James Durbin bio photo By James Durbin

I recently read a couple of nice articles by Darren Wilkinson about implementing MCMC in various languages. The posts are here and here. Wilkinson apparently uses, or is considering using, Python for a lot of prototyping and C for a lot of his actual MCMC runs. However, since he feels that Java is in some ways nicer than C, and almost as fast, he has been using Java for some of the final MCMC runs. I thought I’d see how Groovy performed on this task.

A Groovy version of Wilkinson’s Gibbs sampler is given here:

#!/usr/bin/env groovy 
import static java.lang.Math.*
import cern.jet.random.tdouble.engine.*
import cern.jet.random.tdouble.*

N=20000
thin=500
rngEngine= new DoubleMersenneTwister(new Date())
rngN= new Normal(0.0,1.0,rngEngine)
rngG= new Gamma(1.0,1.0,rngEngine)
x=y=0.0
println("Iter x y")
for(i in 1..N){
  for(j in 1..thin){
    x=rngG.nextDouble(3.0,y*y+4)
    y=rngN.nextDouble(1.0/(x+1),1.0/sqrt(x+1))
  }
  println("$i $x $y")
}

You run this like: gibbs.gv > data.tab

On a Macbook Pro 2.2 GHz Intel Core 2 Duo (~2007), comparing Wilkinson’s Java (1.6.1) and Python (2.7.2) versions with my Groovy (1.8.0) version, I get the following times:

  • java: 5.23 sec
  • groovy: 16.5s
  • python: 1m49s

Not bad for a dynamic scripting language! Now, there are lots of things one can do to speed up the Python code, from using pypy to calling native functions and so on, so this is nowhere close to optimal for Python but… if you’re going to ultimately translate your prototype into Java anyway why bother with Python at all? It’s easy to rapid-prototype in Groovy and then, if you ever need the extra performance you can perform the simple translation from Groovy to Java. The libraries and almost all details will be the same which greatly reduces learning and debugging time. Moreover, at one third the speed of Java, in many situations you won’t ever have the need to bother with the speed-up and can just stop at the Groovy rapid-prototype.
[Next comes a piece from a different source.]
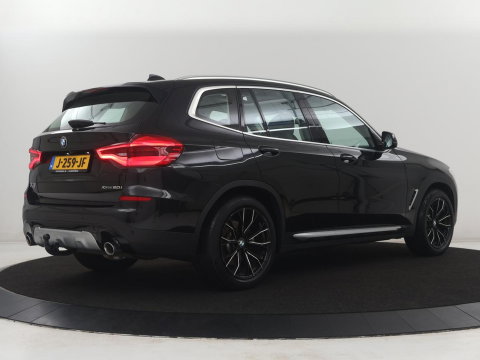 BMW X3 xDrive20i | Trekhaak | Panoramadak | Adaptive cruise | Half Leder | Head-up | Camera | Sfeerverlichting | Climate control | Stoelverwarming | Full LED |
Update 12/2015: I have re-run the Gibbs sampler using a newer 2015 MacBook Pro and newer versions of all libraries, including using ParallelColt. Now, using Groovy Version: 2.4.5, Java Version 1.8.0_31, and Python 2.7.10 :: Anaconda 2.2.0, I get the following times:

  • java: 2.3s
  • groovy: 5.8s
  • python: 30.8s

Again, this is out-of-the-box time. I’m sure we could speed it up with pypy or other tricks. Still, a 5x speed difference is pretty significant and illustrates why prototyping in Groovy can often leave you with a solution that is good enough, with an easy 2x speed improvement if you need it by performing the simple Java translation.